### Exercise prompt
The expected result is a verbatim repetition of the lines from the start of the entries through the line containing "2025 GMC TERRAIN ELEVATION photo 8", with the pictures removed.

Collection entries
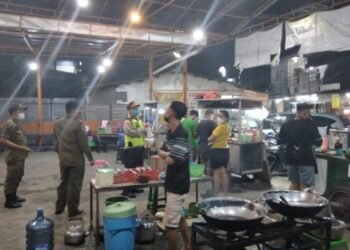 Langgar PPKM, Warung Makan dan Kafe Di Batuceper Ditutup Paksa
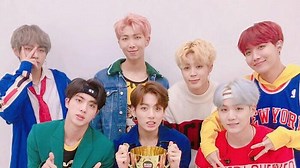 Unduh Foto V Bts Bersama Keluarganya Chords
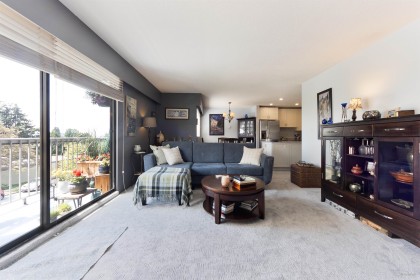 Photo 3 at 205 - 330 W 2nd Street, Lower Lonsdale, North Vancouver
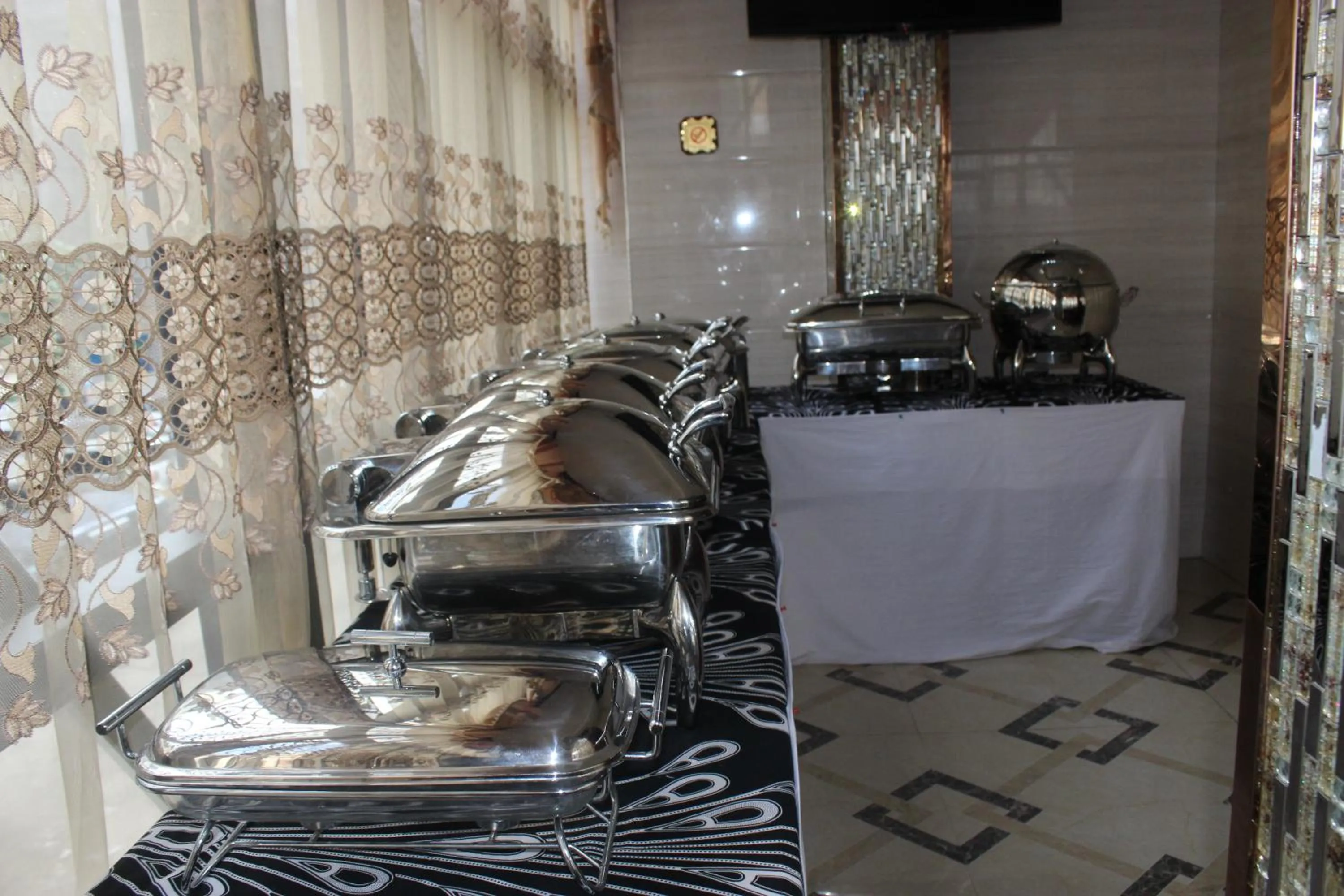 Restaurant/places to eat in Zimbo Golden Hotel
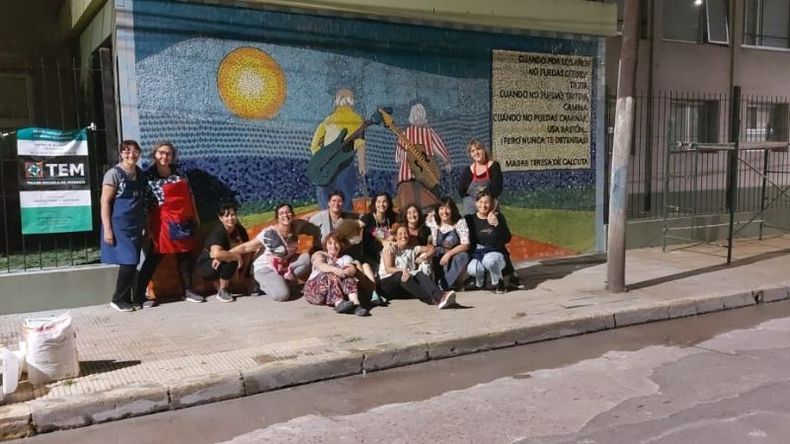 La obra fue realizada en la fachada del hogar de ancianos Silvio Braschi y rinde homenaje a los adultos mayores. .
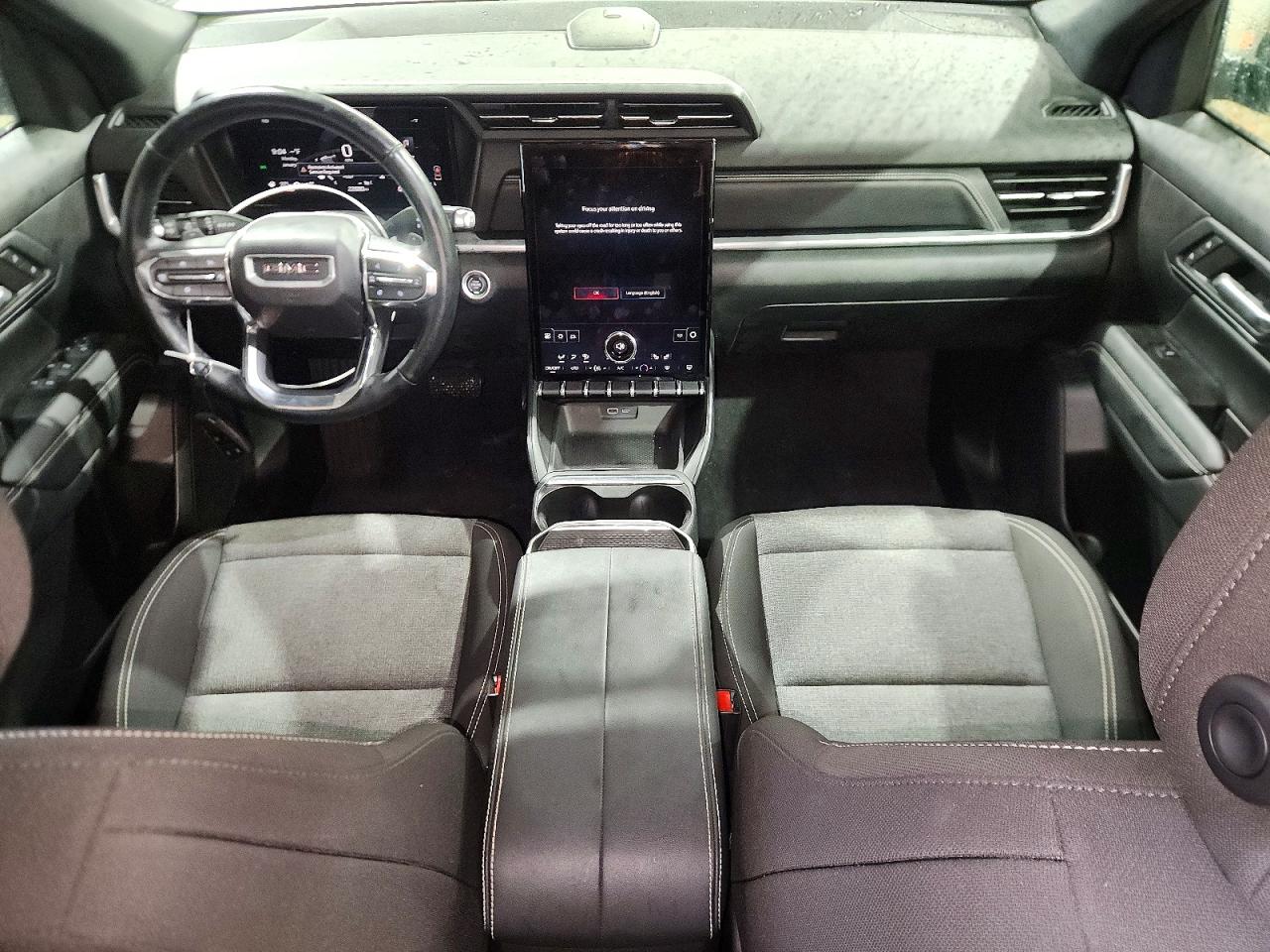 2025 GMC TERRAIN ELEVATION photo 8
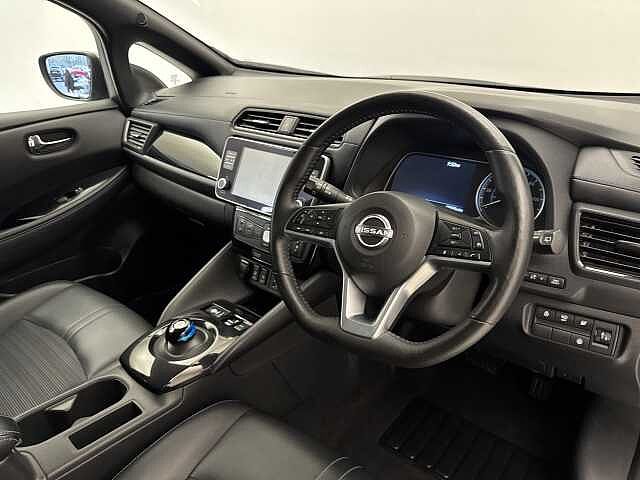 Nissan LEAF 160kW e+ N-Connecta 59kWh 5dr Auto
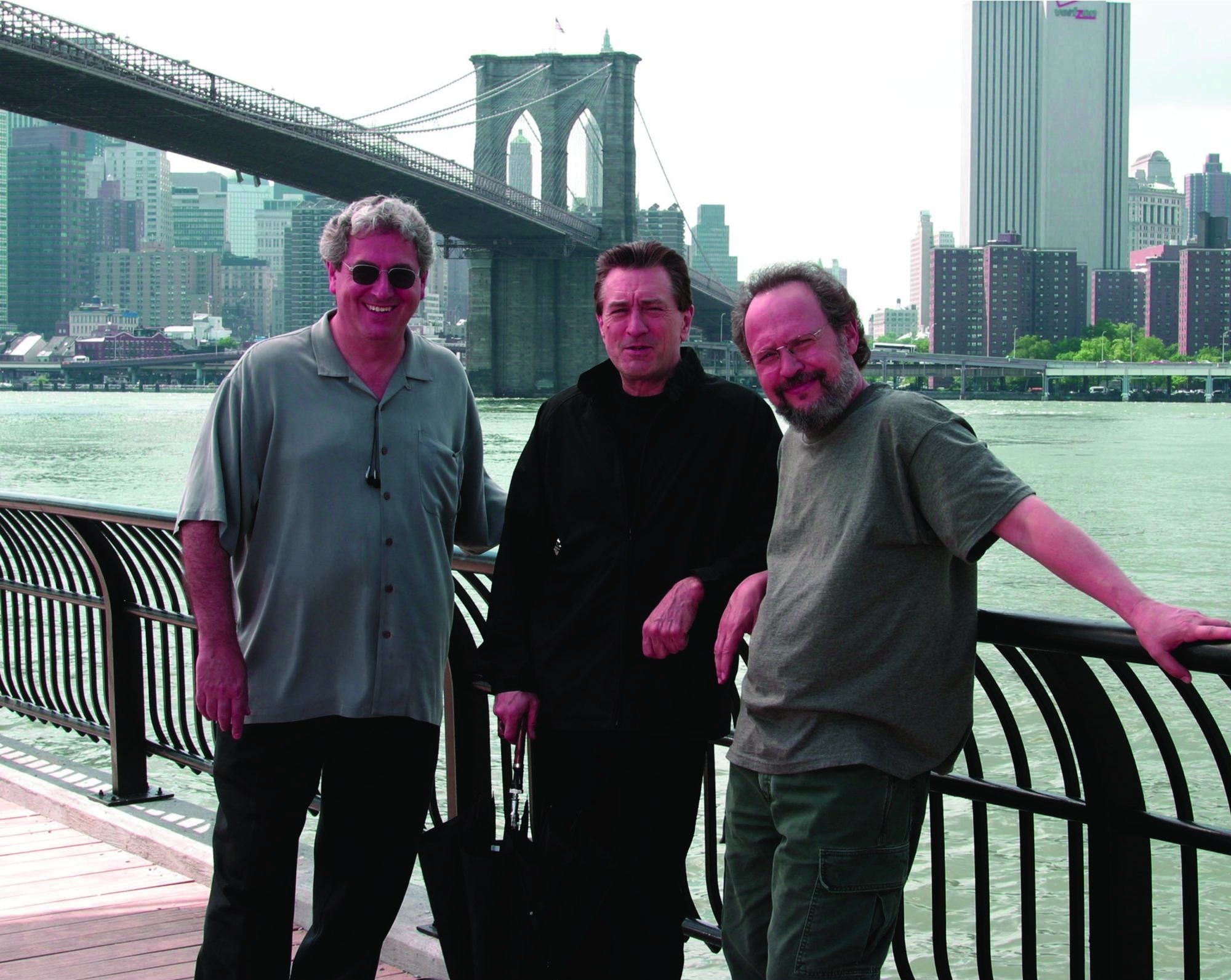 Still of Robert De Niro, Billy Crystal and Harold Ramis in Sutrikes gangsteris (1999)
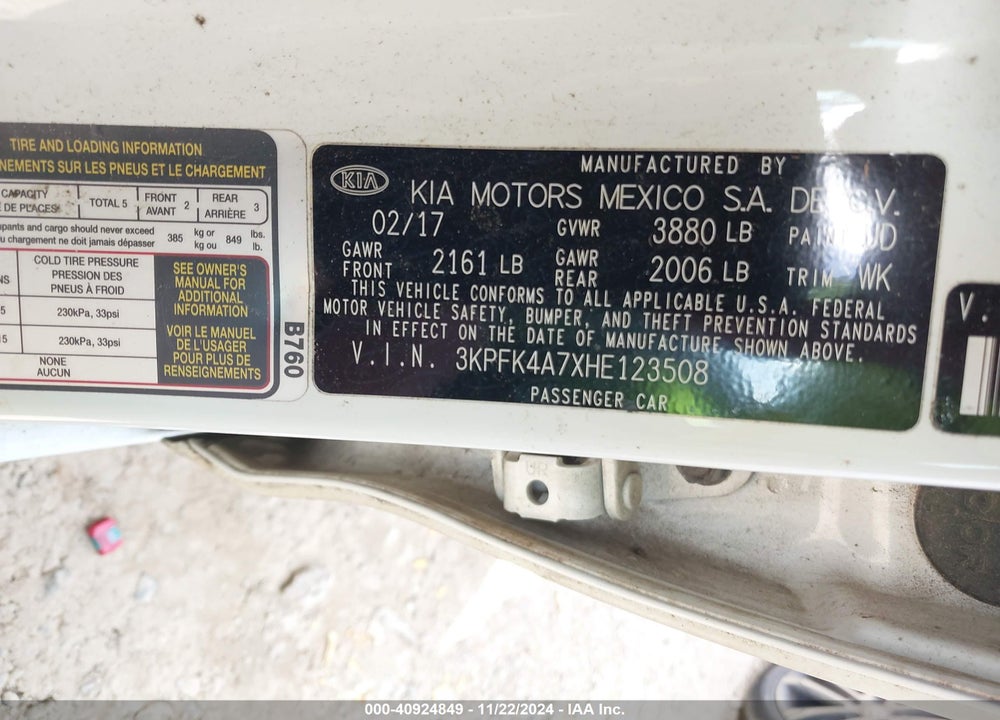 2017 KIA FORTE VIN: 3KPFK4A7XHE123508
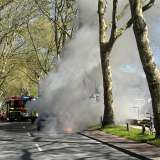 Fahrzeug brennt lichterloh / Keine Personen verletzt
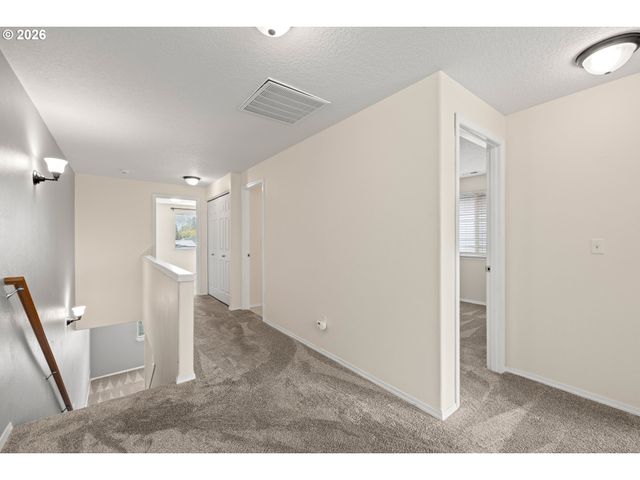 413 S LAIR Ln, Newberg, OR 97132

### Result for this task
 Langgar PPKM, Warung Makan dan Kafe Di Batuceper Ditutup Paksa
 Unduh Foto V Bts Bersama Keluarganya Chords
 Photo 3 at 205 - 330 W 2nd Street, Lower Lonsdale, North Vancouver
 Restaurant/places to eat in Zimbo Golden Hotel
 La obra fue realizada en la fachada del hogar de ancianos Silvio Braschi y rinde homenaje a los adultos mayores. .
 2025 GMC TERRAIN ELEVATION photo 8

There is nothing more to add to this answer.